Pablo Suarez has been chatting to Viv since meeting her in Berlin this month. He’s co-author of this excellent report: Games for a New Climate: Experiencing the Complexity of Future Risks. It’s a thorough, thought-provoking exploration of how we can use games to help us understand and respond to complex challenges.

There’s a tendency to conflate games with fun, and fun with a lack of seriousness. Yet in my work, it’s been people dealing with the most challenging and serious issues who seem most open to using games for learning. These are the  people who literally have to pull the bodies out of earthquakes, or struggle to provide aid and education in the middle of armed conflict. Pablo’s report looks at using games at this level of seriousness, citing Einstein:

“Games are the most elevated form of investigation”

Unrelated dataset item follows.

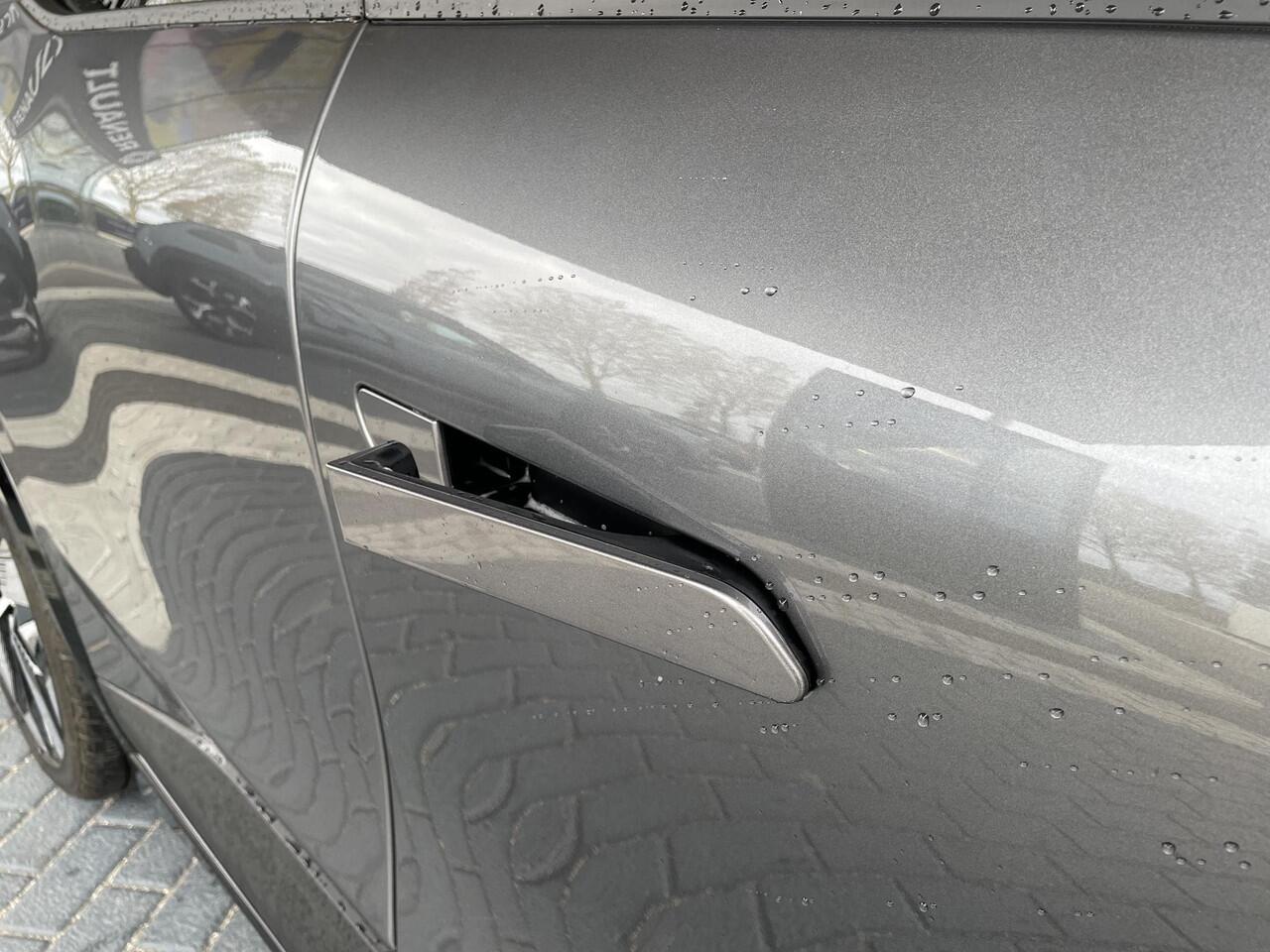 Renault MEGANE E-Tech comfort range techno 60 kWh / Demo Hillegom / Pack winter techno / pack advanced drive assist & augmented vision /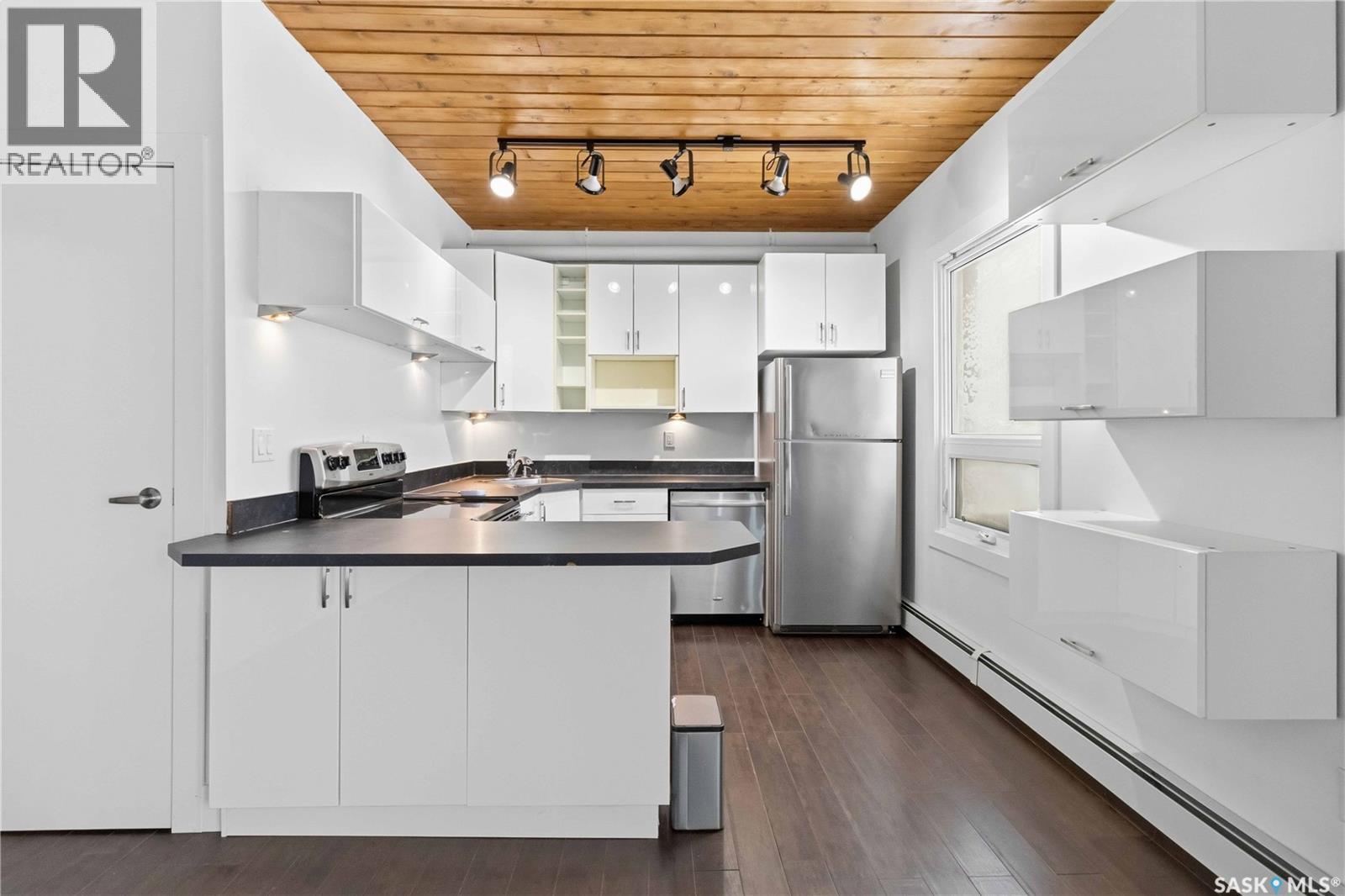 301 415 3Rd Avenue N, Saskatoon, SK - Indoor Photo Showing Kitchen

I thought this paragraph distilled a lot of the justification for taking a playful approach to the complex:

 Overall, inadequate mental models lead to poor performance in addressing complex systems. According to Sterman (1992) among the “biggest impediments to learning are the mental models through which [people] construct [their] understanding of reality.” Sterman (1989a, 1989b) suggests that poor performance in dynamically complex environments arise from people’s misperception of feedback and, in particular, from individuals’ insensitivity to the feedback that their actions create in the environment. Given the mismatch between our complex social and physical systems and our mental models, and the importance of improving the ability of decision-makers to manage the increasing complexity of humanitarian and development systems in a changing climate, serious games can play a critical role in both formal and non-formal education and training to improve risk management and policy-making decision capacity.

And I thought this analogy drove the point home further:

No pilot would dare to fly a commercial airliner without significant training in a flight simulator. Yet, most decision makers are expected to manage organizations, make critical decisions, and implement long-term policy relying on “theory,” “experience,” “intuition,” “gut feeling,” or less.